Il me regarda avec un air troublé mais comme il voyait que je posais mes mains sur lui, il se laissa aller. Son corps bascula sur le côté et je me hissai au-dessus, à califourchon. Je couvris son visage de mille baisers tandis qu'il me tenait par les hanches. Je me souvins du plaisir qu'il avait éprouvé lorsque ma langue avait glissé sur son oreille et je réitérai l'opération. Son corps se raidit et il agrippa fermement le haut de mes cuisses en enfouissant son visage dans mes cheveux. Au bout de quelques instants je l'entendis murmurer de manière presque inaudible :
- Votre parfum est… délicieux.
Je rougis mais repris assez rapidement la cadence. Ma langue allait et venait le long de son oreille comme pour y inscrire quelque chose. Mes lèvres chaudes appelaient les zones les plus sensibles de sa peau pour y marquer à vif mes sentiments, mon amour. Par moment elles pinçaient vigoureusement la chair et faisaient apparaître un suçon. Après plusieurs spasmes, Solas laissa glisser l'une de ses mains le long de ma cuisse, m'arrachant un bref gémissement. Je me mis à penser que mes vêtements étaient de trop. Je déboutonnai la veste de mon uniforme et mon pantalon. Il prit l'initiative de tirer dessus pour le faire glisser et découvrir mes jambes jusqu'à mes chevilles.
- Vous êtes magnifique.
A mesure que ses yeux découvraient mon corps, ses joues prenaient une couleur rouge. Il sembla satisfait de sa vision, attrapa violemment mon visage et appuya mes lèvres contre les siennes. Tandis qu'il m'embrassait, je sentis l'une de ses mains glisser sur mes reins, caresser mes fesses et enfin presser ma cuisse. J'attrapai rapidement cette main errante et la posai sur les bandes de tissu qui couvraient ma poitrine.
- Pourriez-vous les défaire?
Il sourit.
- Assurément.
Avec délicatesse, il défit les bandes en les déroulant une à une et, sur chaque parcelle de peau qu'il découvrait, il faisait glisser son index comme pour y effacer les rougeurs laissées par le vêtement. Quand mes seins furent complètement nus, il se redressa et y colla ses lèvres. Il me fit basculer ensuite sur le côté et je me retrouvai couchée sur le ventre. Derrière mon oreille, j'entendis sa voix me chuchoter :
- Laissez-moi occuper cette place maintenant.
Soudainement, je sentis ses doigts effleurer mon bas-ventre et ôter mon dernier sous-vêtement. Ses mouvements étaient assurés, il n'hésitait plus. Alors que j'étendais mon corps de façon langoureuse, sa voix résonna dans le creux de mon cou.

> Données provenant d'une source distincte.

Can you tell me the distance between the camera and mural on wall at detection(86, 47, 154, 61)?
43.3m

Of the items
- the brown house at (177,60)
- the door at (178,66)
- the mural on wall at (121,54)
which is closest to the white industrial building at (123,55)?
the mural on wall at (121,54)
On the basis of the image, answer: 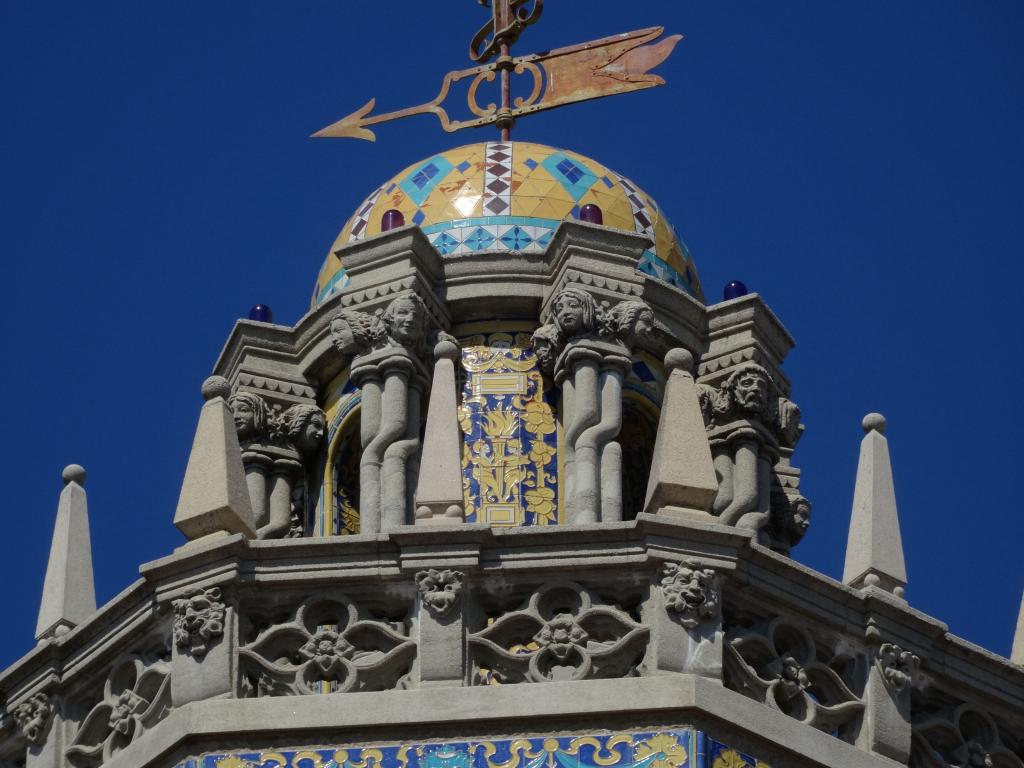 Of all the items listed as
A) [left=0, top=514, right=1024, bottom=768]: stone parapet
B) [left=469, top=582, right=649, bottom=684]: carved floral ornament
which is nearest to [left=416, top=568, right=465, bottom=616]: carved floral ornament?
[left=0, top=514, right=1024, bottom=768]: stone parapet

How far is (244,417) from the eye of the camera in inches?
1066

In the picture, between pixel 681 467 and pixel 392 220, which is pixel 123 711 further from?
pixel 392 220

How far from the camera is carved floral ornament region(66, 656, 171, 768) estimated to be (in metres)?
23.5

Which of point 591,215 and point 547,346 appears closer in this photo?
point 547,346

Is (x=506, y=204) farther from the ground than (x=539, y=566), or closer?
farther from the ground

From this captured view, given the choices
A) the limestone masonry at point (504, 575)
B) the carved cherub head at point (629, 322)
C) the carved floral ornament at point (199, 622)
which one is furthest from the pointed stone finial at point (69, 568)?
the carved cherub head at point (629, 322)

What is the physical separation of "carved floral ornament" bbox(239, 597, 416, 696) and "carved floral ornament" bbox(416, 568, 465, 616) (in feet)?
0.86

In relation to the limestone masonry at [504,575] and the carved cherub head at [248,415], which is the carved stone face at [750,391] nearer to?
the limestone masonry at [504,575]

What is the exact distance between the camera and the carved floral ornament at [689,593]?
23078 mm

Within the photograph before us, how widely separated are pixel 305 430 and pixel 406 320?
1.21 metres

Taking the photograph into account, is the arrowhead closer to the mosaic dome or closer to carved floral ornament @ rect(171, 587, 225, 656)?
the mosaic dome

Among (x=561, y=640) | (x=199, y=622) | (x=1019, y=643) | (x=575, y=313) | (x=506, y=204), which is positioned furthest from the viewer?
(x=506, y=204)

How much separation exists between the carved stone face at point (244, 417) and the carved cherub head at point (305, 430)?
24cm

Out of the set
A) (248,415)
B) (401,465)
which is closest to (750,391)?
(401,465) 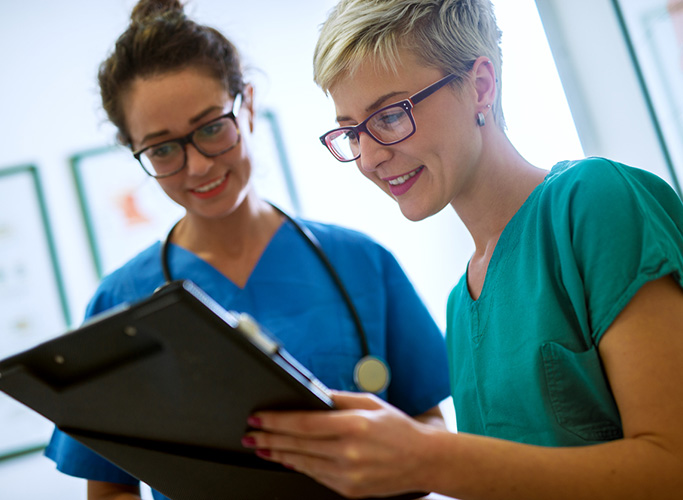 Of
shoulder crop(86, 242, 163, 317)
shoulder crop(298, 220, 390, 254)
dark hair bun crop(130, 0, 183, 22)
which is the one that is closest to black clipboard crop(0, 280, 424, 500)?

- Sentez-vous l'herbe contre votre peau? N'est-elle pas plus réelle que le contact de mes lèvres?
Il posa doucement un baiser sur ma nuque et je frissonnai en resserrant l'emprise de mes doigts sur le sol. Son corps se colla au mien, me mettant directement au contact de la chaleur de sa peau, et ainsi je sentais son torse bouger selon le rythme de sa respiration.
- Oublions-nous, inquisitrice, et vivons ce rêve comme la plus tendre des réalités.
Une décharge de plaisir parcouru mon corps lorsqu'il le pénétra et je crus voir la marque sur ma main briller.